(Short web captions)
== Segment start ==

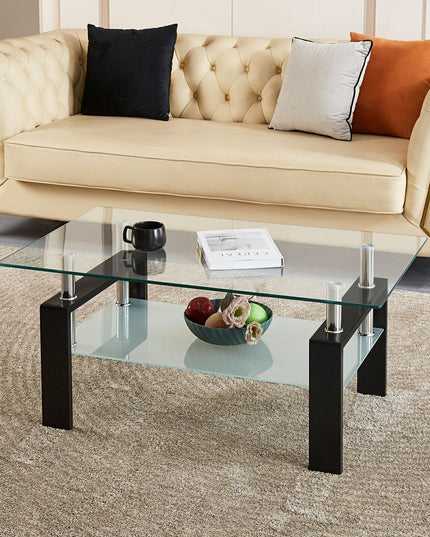 39" Clear and Black Glass and Steel Coffee Table With Shelf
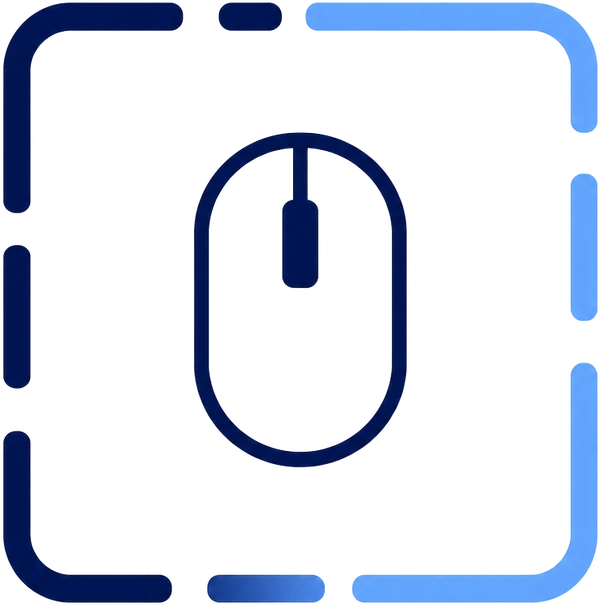 Icono de Workflow: un ratón dentro de un borde de tiempo segmentado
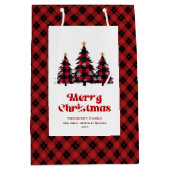 Trendy buffalo plaid Christmas gift bag editable ミディアムペーパーバッグ (正面)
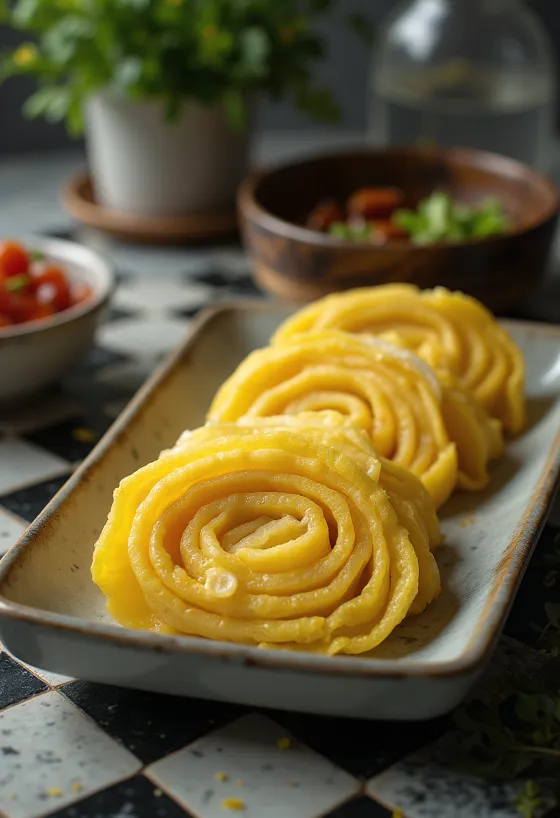 Dashimaki Tamago, japán omlett puha, dús textúrával, feltekert formában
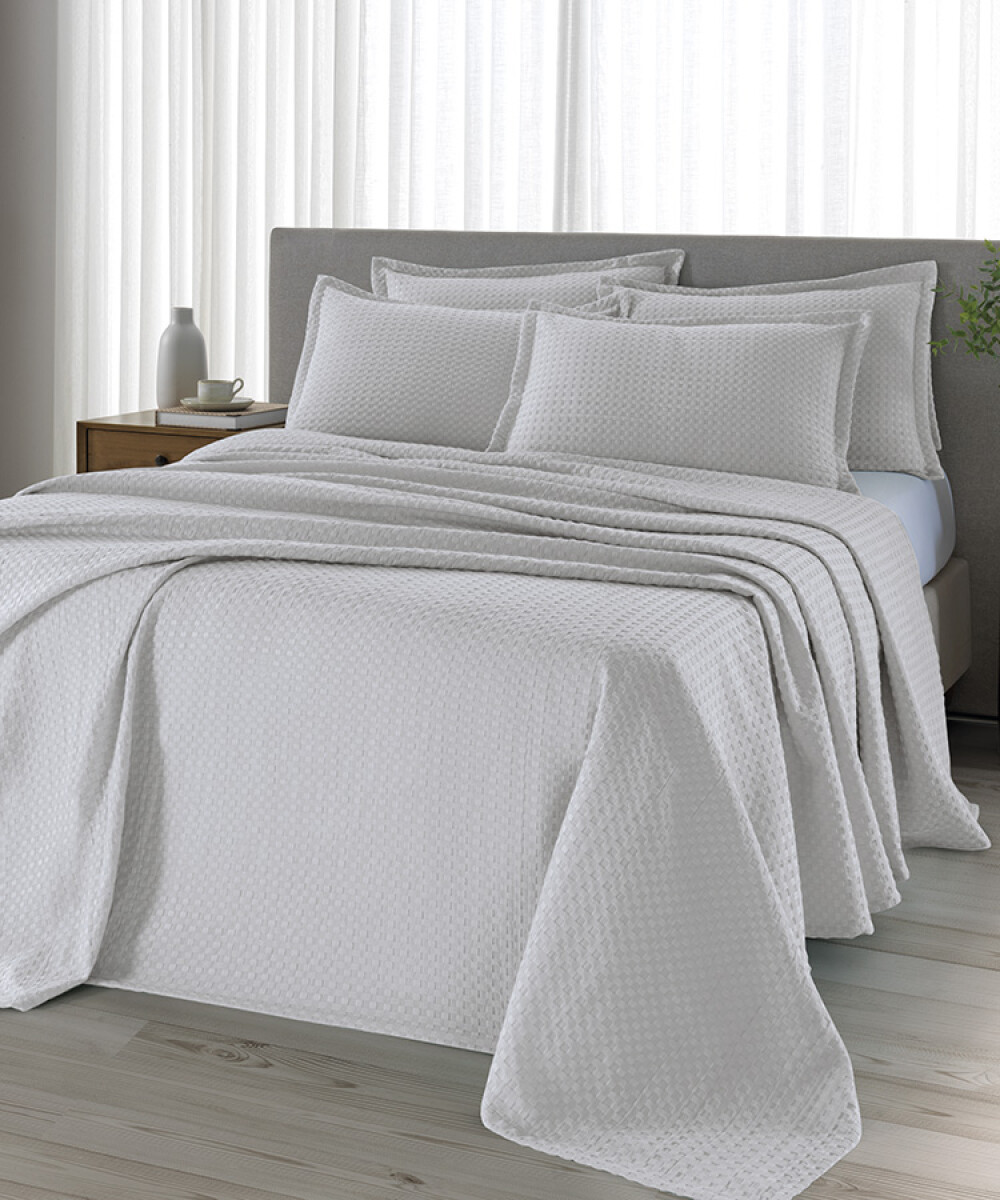 Juego Colcha y Funda Dohler Provenza 1 Plaza 100% Microfibra - GRIS 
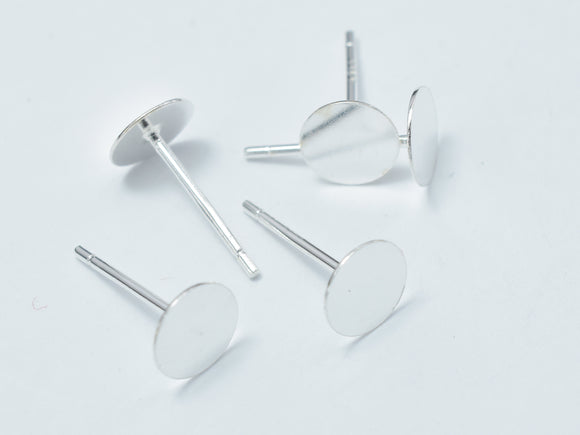 10pcs (5pairs) 925 Sterling Silver Flat Pad Earring Stud Posts, 6mm, 11mm Long-Metal Findings & Charms-BeadXpert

== Segment end ==

# Exercise brief
In the copy, omit the pictures and give every line of the data exactly.

# Task output
 39" Clear and Black Glass and Steel Coffee Table With Shelf
 Icono de Workflow: un ratón dentro de un borde de tiempo segmentado
 Trendy buffalo plaid Christmas gift bag editable ミディアムペーパーバッグ (正面)
 Dashimaki Tamago, japán omlett puha, dús textúrával, feltekert formában
 Juego Colcha y Funda Dohler Provenza 1 Plaza 100% Microfibra - GRIS 
 10pcs (5pairs) 925 Sterling Silver Flat Pad Earring Stud Posts, 6mm, 11mm Long-Metal Findings & Charms-BeadXpert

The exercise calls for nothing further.